Village sans pesticides
Des espaces publics sans pesticides, c'est plus de vert, plus de fleurs, l'air et le sol plus sain.
Des espaces publics sans pesticides, c'est plus de vert, plus de fleurs, l'air et le sol plus sain.
Le concours Villes et Villages fleuris ne récompense pas simplement un fleurissement esthétique. Il s’inscrit dans une démarche à long terme et une prise en compte environnementale. Vivaces et arbustes plutôt que plantes annuelles, diminution de l’arrosage, paillage, autant de pratiques durables qui font partie des critères de notation.

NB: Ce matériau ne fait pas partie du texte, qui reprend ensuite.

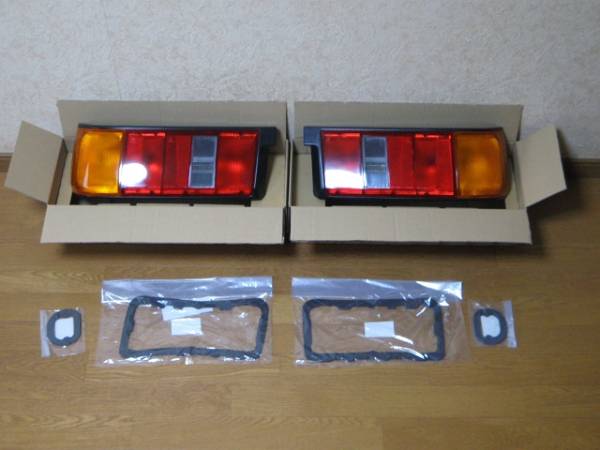 AE86 レビン 前期 テール ランプ 左右セット 純正 新品 LEVIN トレノ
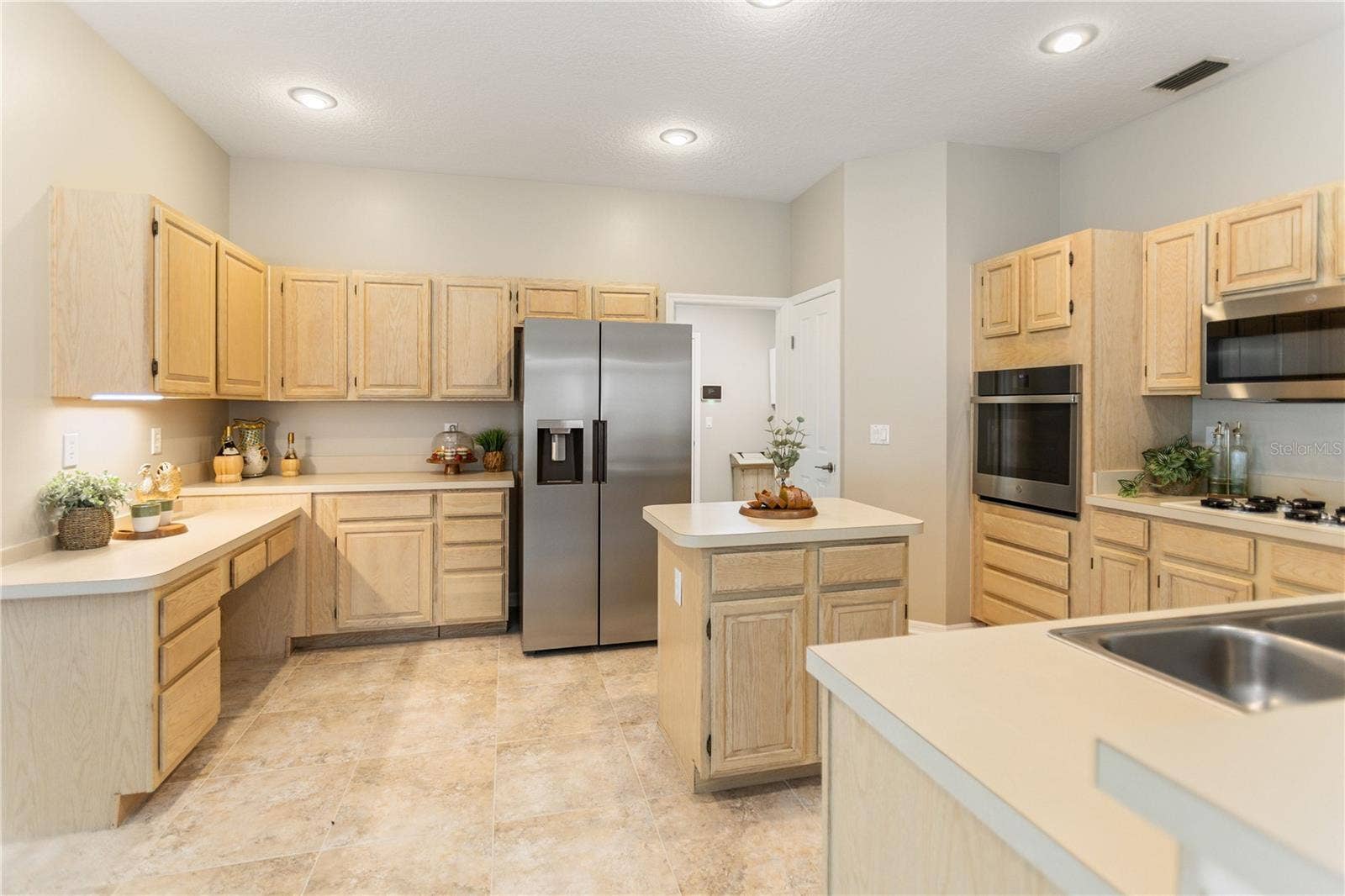 28402 OPENFIELD LOOP, Wesley Chapel, FL 33543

« Dans le cadre de notre label, nous menons des actions de sensibilisation à la flore et à la faune sauvages, en faveur de la préservation et de la diversité des milieux, zones humides, prairies fleuries, etc » détaille Thibaut Guyon, chargé de projet d’écologie urbaine aux Villes et Villages Fleuris (VVF). « Par exemple, chaque année une thématique est à l’honneur avec un trophée à la clé : fleurir les pieds de murs, embellir sentes et chemins, accueillir la nature dans les rues, inviter la biodiversité dans les espaces publics, renaturer les cimetières … ».
Le savoir-faire des communes en matière de gestion alternative de l’eau ou en faveur des ressources naturelles, de limitation et valorisation des déchets verts, de mise en valeur du patrimoine bâti, autant de compétences évaluées par le label. « La démarche Villes et Villages fleuris incite les communes à entretenir des espaces plus sauvages, moins domestiqués, fauchage raisonné par exemple », explique Marion Doubre, chargée de mission Paysages au PNR « ce qui rejoint les préconisations du Parc». A la demande des communes la paysagiste et les botanistes du Parc peuvent réaliser des études puis proposer des solutions d’aménagement paysager, des choix d’espèces locales et écologiques, et conseillent sur les techniques et les outils les plus fonctionnels.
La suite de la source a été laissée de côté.